Reconciliation and Resolve
I wrote this after waking up in the middle of the night in a hotel room after a meeting I facilitated went particularly poorly. My facilitation go-bag had been stuffed into the closet so the sticky notes couldn’t stare back at me with all of their impudent cheery brightness.
It’s hard, and sometimes not possible, to do everything well.
But in the end, where I land on all of this is a larger point about evaluative practice in foundations. While it still very much involves the critically important impact evaluation work that launched the field 40 years ago, evaluative work and thinking in some form is now expected at every level of foundation work (grant, initiative or strategy, overall foundation), and in every phase of a program strategy’s lifecycle (development, implementation, and exit). This is good. This is what we wanted.
Foundations in the U.S. give billions of dollars annually. They tackle problems that affect hundreds of millions of people in profound ways. What evaluators do to support that work at every level and in every phase is critically important. And it is our responsibility to continuously improve in order to do that as best we can.
So okay, sticky notes, let’s make up. We live to facilitate another day.
 The Myers & Briggs Foundation. Downloaded on March 4, 2016 from: http://www.myersbriggs.org/my-mbti-personality-type/my-mbti-results/how-frequent-is-my-type.htm
 Hall, P. D. (2004). A historical perspective on evaluation in foundations. In M. T. Braverman, N. A. Constantine, & J. K. Slater (Eds.), Foundations and evaluation (pp. 27–50). San Francisco: Jossey-Bass.
 Connell, J., Kubisch, A. Schorr, L., & Weiss, C. (Eds.). (1995). New approaches to evaluating community initiatives: Concepts, methods, and contexts. Washington, DC: Aspen Institute.
 Brest, P., & Harvey, H. (2008). Money well spent: A strategic plan for smart philanthropy. New York: Bloomberg Press.
 Patton, M. Q., & Patrizi, P. A. (2010). Strategy as the focus for evaluation. In P. A. Patrizi & M. Q. Patton (Eds.), Evaluating strategy: New directions for evaluation, No. 128, (pp. 5–28). San Francisco: Jossey-Bass.
 Karel, F. (2000). Getting the word out: A foundation memoir and personal journey. In S. L. Isaccs & J. R. Knickman (Eds.), To improve health and health care 2001: The Robert Wood Johnson Foundation anthology.

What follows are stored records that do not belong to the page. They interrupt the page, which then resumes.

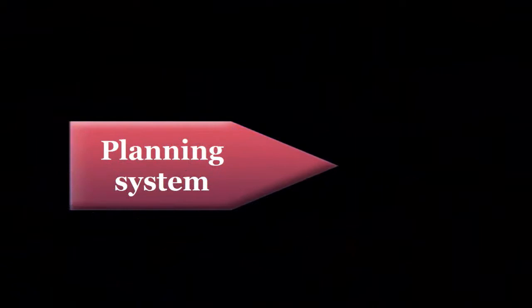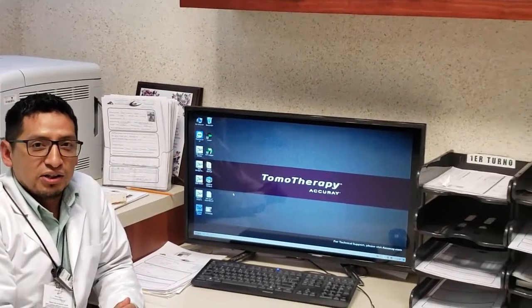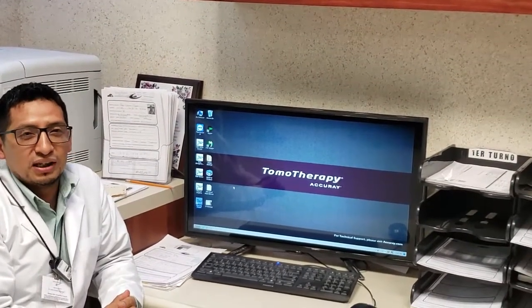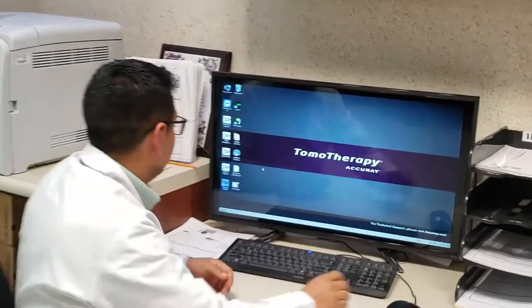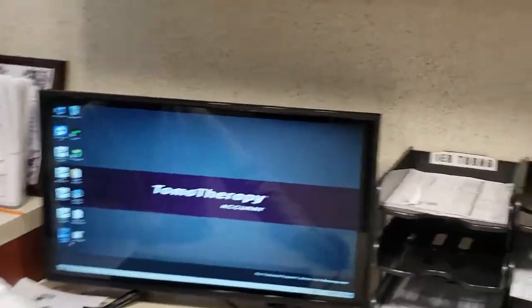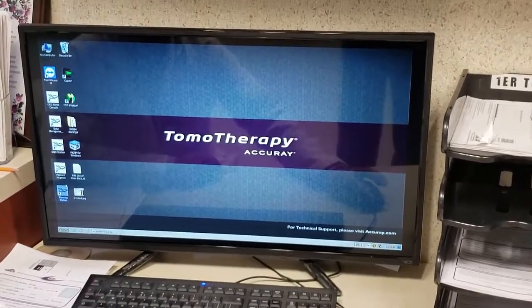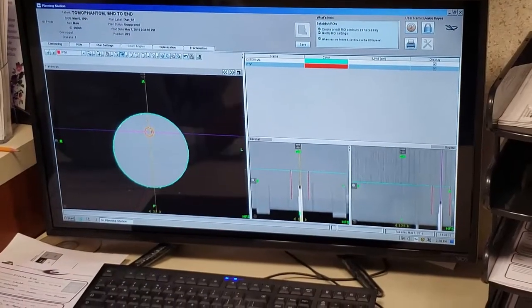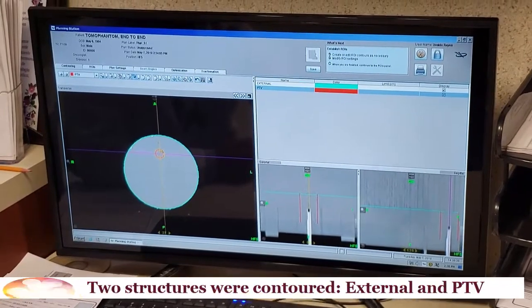Planning system. We are in the planning station. Now, what we are going to do is download our patient. For this, we open the planning software.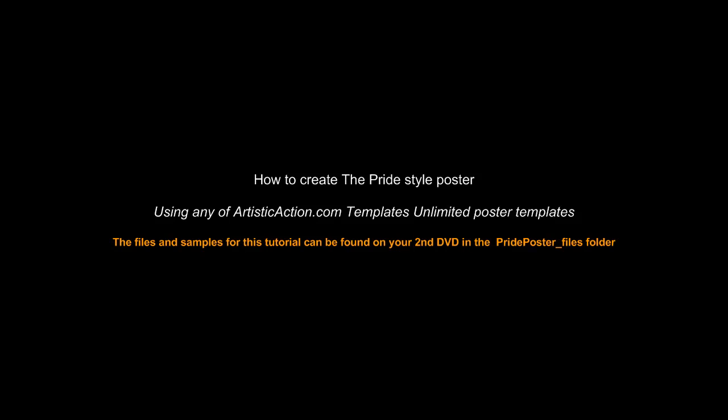In this tutorial we will show you how to create the pride style of poster.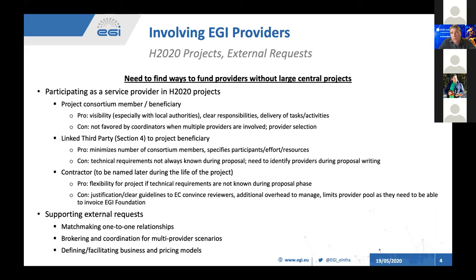The big question was: after having one large central project funding not just coordination but physical infrastructure, once you move away from that and into multiple projects and multiple support arrangements, you have to have multiple models in place. In Horizon 2020 projects you can participate as a beneficiary — giving visibility and government recognition — but bringing in an infrastructure with 250 data centres across 40 countries blows up the consortium list. The third-party mechanism reduces beneficiaries but individual providers lose visibility and projects must already know their technical requirements for provider selection.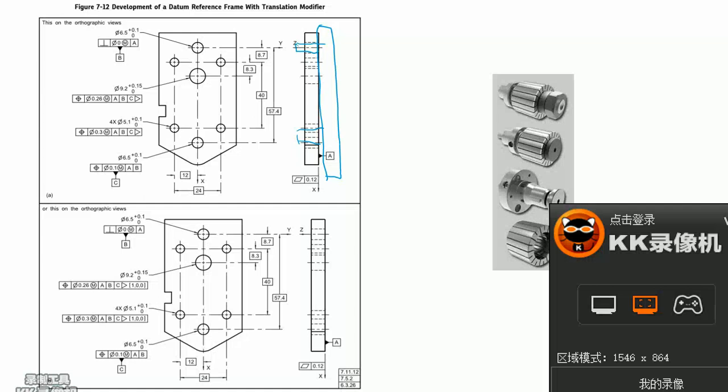C datum gets a degree of freedom along X-direction. This C circle can move along X-direction, no distance constrained between two holes.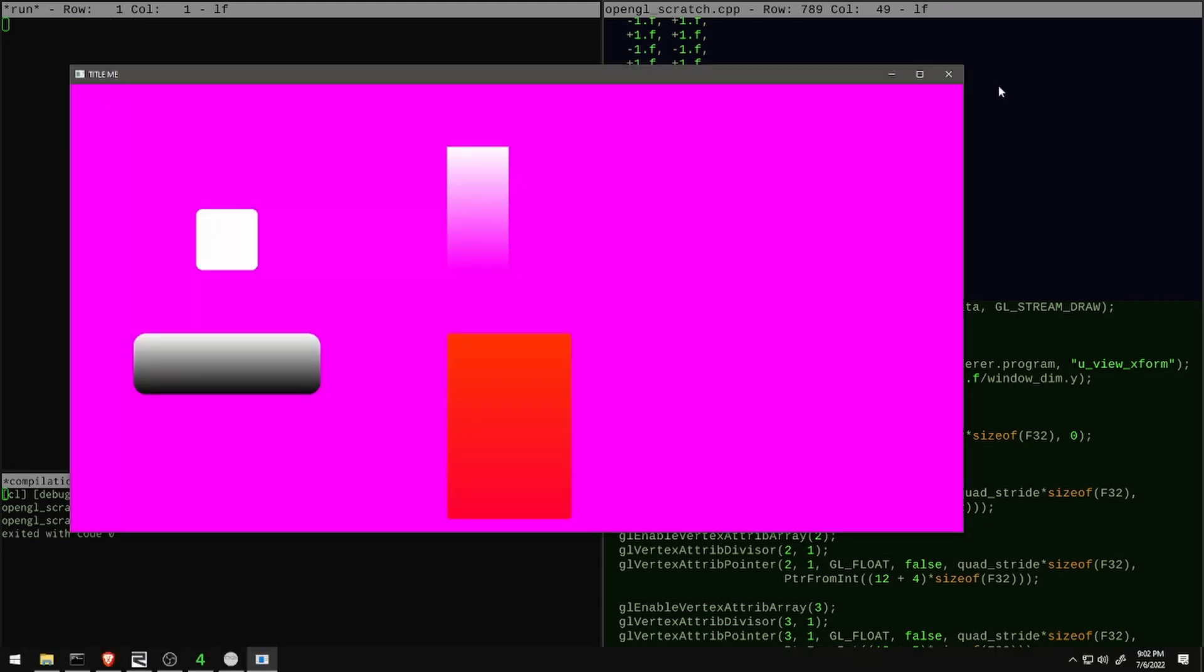And with that, I've got all the basic features for rectangle rendering that I'm going to set up for this renderer on this particular arc. Next time we're going to dig into how I want to equip the system with text rendering, so see you then!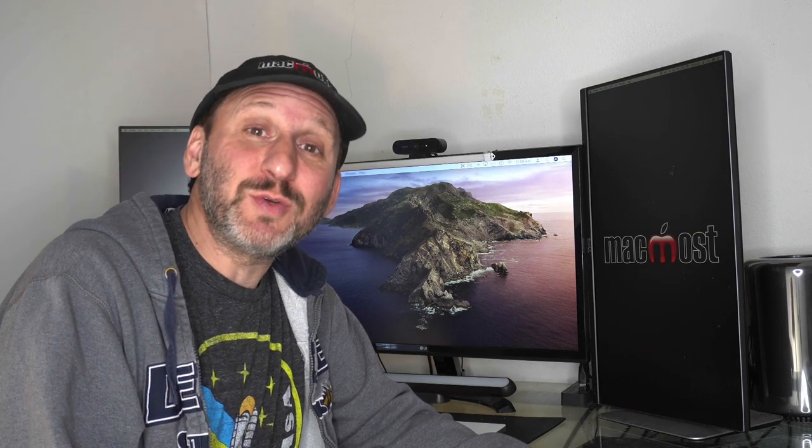Hi, this is Gary with MacMost.com. Today let me show you how to read a book to a child remotely using your Mac.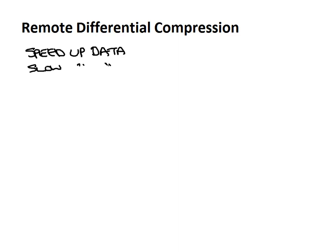So in this short video on remote differential compression, we're going to talk about what remote differential compression really does, and then you can decide whether you want to use it or not.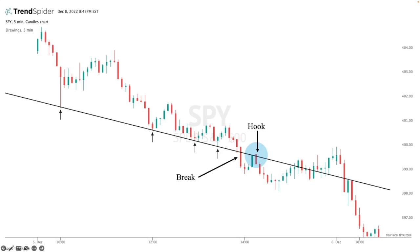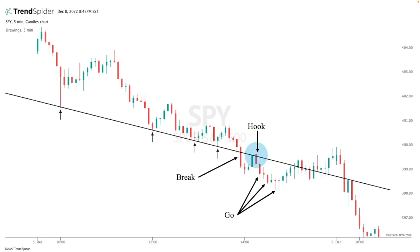And what do you know — break, hook, place my stop loss right above a candle close reclaiming my support level, and go. For these zero DTE contracts on SPY, this trade locked in around 110% in just about 30 minutes. It's a very simple, very easy to play strategy, but you always want to keep your stop losses intact and know your risk every single trade. And that's basically the Break, Hook, and Go. Hope you guys enjoyed.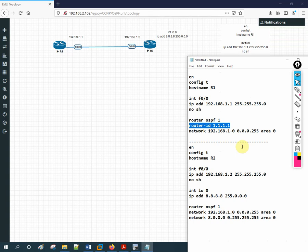To summarize: you can configure the router ID manually using the 'router-id' command inside the OSPF process. If you don't configure it manually, the router selects it automatically — it first checks for a loopback interface and picks the highest IP among loopbacks. If there is no loopback, it picks the highest IP from active physical interfaces. Thank you very much for watching. Please subscribe and share with your friends. In the next video, we are going to discuss the OSPF tables — neighbor, database, and routing tables.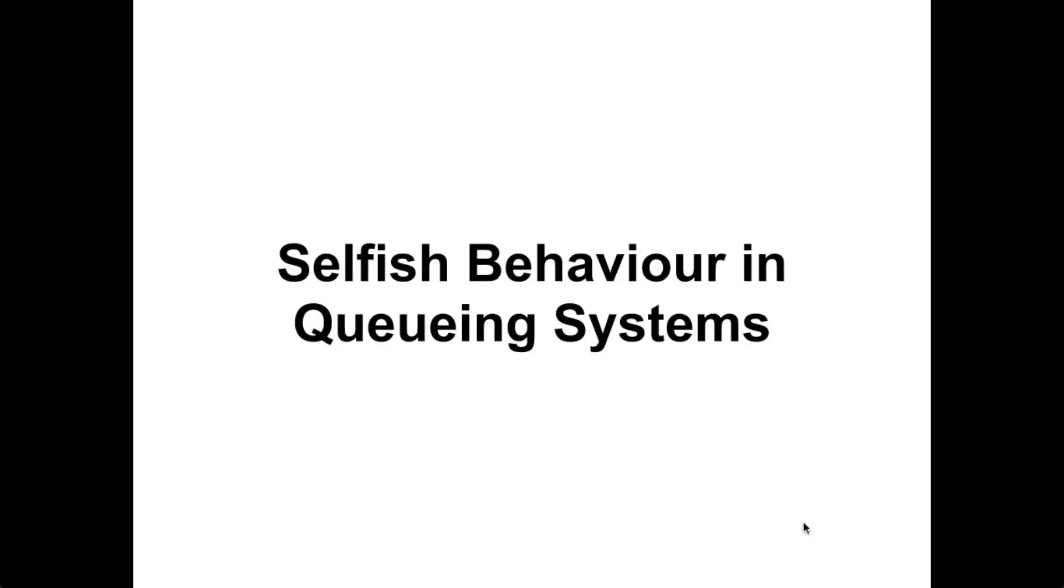Hi, my name is Jason Young and I'm an undergraduate at Cardiff University. At the moment I'm doing a summer internship with Dr. Vincent Knight. In this video I'm going to talk about selfish behavior in queuing systems.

Princeton, NJ: The Robert Wood Johnson Foundation.
 Kania, J., Kramer, M., & Russell, P. (2014). Strategic philanthropy for a complex world. Stanford Social Innovation Review (Summer), 26–37.
 Patton, M.Q. (2011). Developmental evaluation: Applying complexity concepts to enhance innovation and use. New York: Guilford Press.
 Patrizi, P., Thompson, E., Coffman, J., & Beer, T. (2013). Eyes wide open: Learning as strategy under conditions of complexity and uncertainty. Foundation Review, 5(3), 50–65.